◆ Task brief
From the data that follows, print exactly the lines starting at the one containing "MIQUEL JUNCA SA" and ending at the one containing "Зеленський: Україна готова"; include both of them and nothing more.
------ Information given
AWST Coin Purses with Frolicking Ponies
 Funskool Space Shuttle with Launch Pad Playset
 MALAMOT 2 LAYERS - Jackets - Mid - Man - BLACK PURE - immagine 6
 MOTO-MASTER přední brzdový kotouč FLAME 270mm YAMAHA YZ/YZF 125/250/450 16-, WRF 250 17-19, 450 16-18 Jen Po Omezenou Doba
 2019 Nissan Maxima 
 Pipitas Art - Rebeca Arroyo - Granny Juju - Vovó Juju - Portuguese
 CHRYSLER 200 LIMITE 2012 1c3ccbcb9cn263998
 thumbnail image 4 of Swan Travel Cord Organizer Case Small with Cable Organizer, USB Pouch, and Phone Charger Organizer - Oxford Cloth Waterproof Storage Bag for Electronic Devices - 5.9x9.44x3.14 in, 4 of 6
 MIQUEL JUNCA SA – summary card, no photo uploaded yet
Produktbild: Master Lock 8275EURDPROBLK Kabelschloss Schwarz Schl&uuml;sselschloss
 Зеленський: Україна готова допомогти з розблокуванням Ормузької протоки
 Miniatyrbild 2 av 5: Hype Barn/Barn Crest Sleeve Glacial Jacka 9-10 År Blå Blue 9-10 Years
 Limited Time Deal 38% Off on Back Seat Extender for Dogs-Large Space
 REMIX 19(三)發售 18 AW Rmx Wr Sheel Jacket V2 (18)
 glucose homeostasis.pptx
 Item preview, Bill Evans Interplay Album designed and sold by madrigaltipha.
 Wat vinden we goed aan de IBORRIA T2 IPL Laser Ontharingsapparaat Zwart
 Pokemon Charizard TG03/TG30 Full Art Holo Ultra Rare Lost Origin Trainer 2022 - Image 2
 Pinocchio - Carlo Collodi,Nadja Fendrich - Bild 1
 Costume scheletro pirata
------------
◆ Finished exercise
 MIQUEL JUNCA SA – summary card, no photo uploaded yet
Produktbild: Master Lock 8275EURDPROBLK Kabelschloss Schwarz Schl&uuml;sselschloss
 Зеленський: Україна готова допомогти з розблокуванням Ормузької протоки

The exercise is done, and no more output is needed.